O doutor Cacau, nosso psicanalista de plantão, não estava na roda. Portanto, o camarada ficou com o diagnóstico nas mãos de leigos, conceito que herdamos do cristianismo para definir quem não havia recebido as ordens sagradas, mas que ali só servia mesmo para revelar a ignorância geral, com muitos tons cruéis.
“Pirou”, me cochichou o Chico. De fato, o sorriso permanente era estranho entre as rugas dele, mas fiquei pensando se não seria desdém – ou inveja mesmo – de todos nós, depois de uma quarta-feira dura, com pouca satisfação. Foi o próprio Chico o primeiro a explorar melhor a análise, com a delicadeza adquirida no sertão sergipano.
“É de ouro?”. O camarada pareceu não compreender a pergunta, mas entendeu que era para explica. “Quem aqui tem paliteiro em casa?”, desafiou. A troca de olhares revelou o óbvio acachapante: ninguém. É um objeto proibido. E ninguém tinha pensado nisso.
“Um paliteiro é a declaração de independência do homem; mulher tem ódio de palito. Até desses que vêm ensacadinhos”, disse, mostrando um exemplar tirado do galheteiro. Ele falava à vera, sério e até contrariado por ninguém mais dividir com ele os louros – ou melhor, as pequenas hastes pontudas de madeira – da vitória.
No mínimo, isso nos leva a um mistério do mercado: entender o que faz o imutável rosto da Gina – na embalagem, se mulheres não perdoam homem que esgaravata os dentes. Mesmo se estiver trancado no quarto, no escuro.

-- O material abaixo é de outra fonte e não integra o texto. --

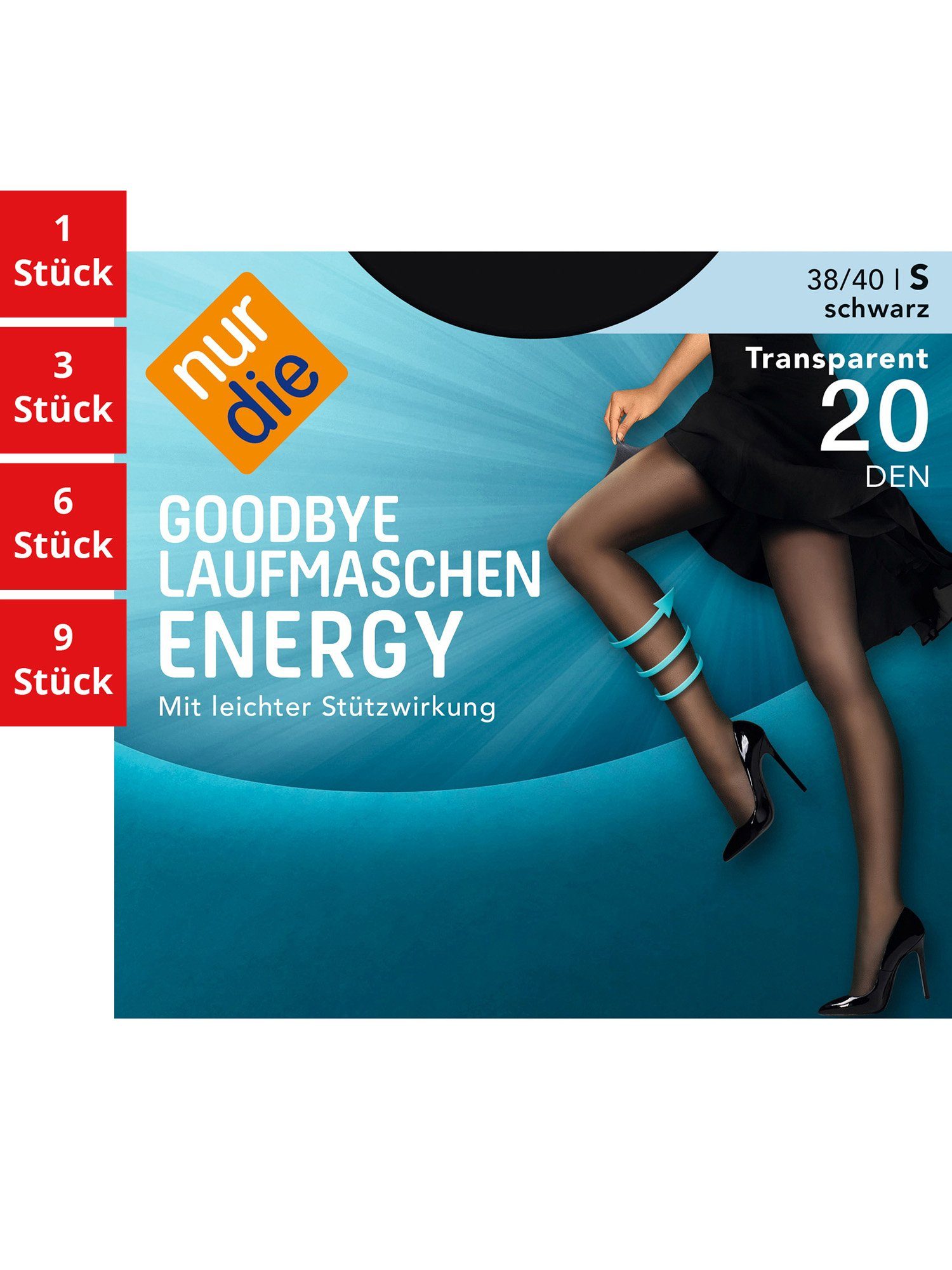 Nur Die Feinstrumpfhose Goodbye Laufmaschen Energy 20 DEN Damen (1er/3er/6er/9er Pack 1 St) nylon transparent Fein-strumpfhose durchsichtig frauen multi-pack matt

Dentistas e mulheres detestam palitos, se recusam a entender que o prazer de tirar um fiapo do bolinho de bacalhau incrustado entre os dentes não tem nada a ver com higiene com fio dental. É como dançar com a irmã; a ação é a mesma, mas o resultado é bem diferente.
Nosso amigo exagera na importância do paliteiro, mas para ele, que não pode pisar no chão da própria casa de sapatos – há pantufas na porta, como no Museu Imperial de Petrópolis – é uma libertação. Sente-se um D. Pedro I, desembainhando um palito e bradando pela liberdade.